The Department of Defence (DoD) has responded to an audit that found the Australian Army’s workforce management to be ineffective and unsuccessful in aligning its establishment with government funding.
Defence said it welcomes the Australian National Audit Office (ANAO) audit report and noted that the recommendation provides an opportunity for Army to focus on remediating areas of long-term workforce risk.
DoD said the report correctly identifies the difficulties Army has faced in addressing specialist workforce areas due to common factors such as unsustainable rank structures, lengthy review processes and the lack of targeted action plans.
Defence said that, at the time of the audit, the Army was aware of some of the concerns identified in the report, and has been making progress in aligning its workforce management processes with the agreed capability outcomes.
DoD is confident that the identification and classification process for both critical and serious employment categories in Army remains robust.
The area that requires more attention, according to Defence, is the co-ordination of action plans to ensure long-term workforce risks can be addressed, which often requires the support of a number of Defence and external agencies including structures, recruiting, training, employment management, career management and remuneration.
In order to address the audit report’s recommendation, Army has allocated additional staff to the Directorate of Workforce Management, a directorate responsible for establishing and managing Army’s training, remuneration and workforce requirement to deliver capability.

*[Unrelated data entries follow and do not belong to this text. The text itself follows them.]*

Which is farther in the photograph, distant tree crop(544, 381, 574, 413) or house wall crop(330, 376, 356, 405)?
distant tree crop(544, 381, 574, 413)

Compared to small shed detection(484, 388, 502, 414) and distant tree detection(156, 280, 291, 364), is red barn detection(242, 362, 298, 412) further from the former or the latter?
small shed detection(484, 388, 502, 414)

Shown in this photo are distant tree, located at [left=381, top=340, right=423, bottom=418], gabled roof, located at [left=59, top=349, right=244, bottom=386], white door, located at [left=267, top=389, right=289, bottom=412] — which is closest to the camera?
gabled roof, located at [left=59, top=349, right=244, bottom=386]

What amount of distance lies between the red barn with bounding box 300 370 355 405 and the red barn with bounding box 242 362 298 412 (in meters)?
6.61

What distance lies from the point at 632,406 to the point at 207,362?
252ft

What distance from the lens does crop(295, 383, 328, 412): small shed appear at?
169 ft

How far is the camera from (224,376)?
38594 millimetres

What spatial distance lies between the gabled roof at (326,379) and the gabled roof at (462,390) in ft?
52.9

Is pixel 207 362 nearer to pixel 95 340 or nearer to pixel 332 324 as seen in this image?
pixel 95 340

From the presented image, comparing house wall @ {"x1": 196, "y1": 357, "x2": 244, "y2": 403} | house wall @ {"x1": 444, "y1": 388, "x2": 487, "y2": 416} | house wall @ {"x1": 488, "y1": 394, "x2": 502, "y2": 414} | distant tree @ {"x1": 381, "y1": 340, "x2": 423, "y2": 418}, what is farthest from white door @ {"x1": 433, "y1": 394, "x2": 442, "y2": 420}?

The ANAO said the audit method used included discussions with staff involved in establishing Army’s personnel requirements, managing Army personnel and analysing personnel data; review of Defence documentation; and visits to units and headquarters affected by shortages of specialist personnel.
The ANAO also reviewed four employment categories to assess the effectiveness of Army’s workforce management. The categories were not identified in this particular audit report, to avoid the release of detailed information about Army’s capability.
The report was at a cost to ANAO of $310,000 and was led by team members Dr Patrick O’Neill, Jed Andrews and Michelle Page.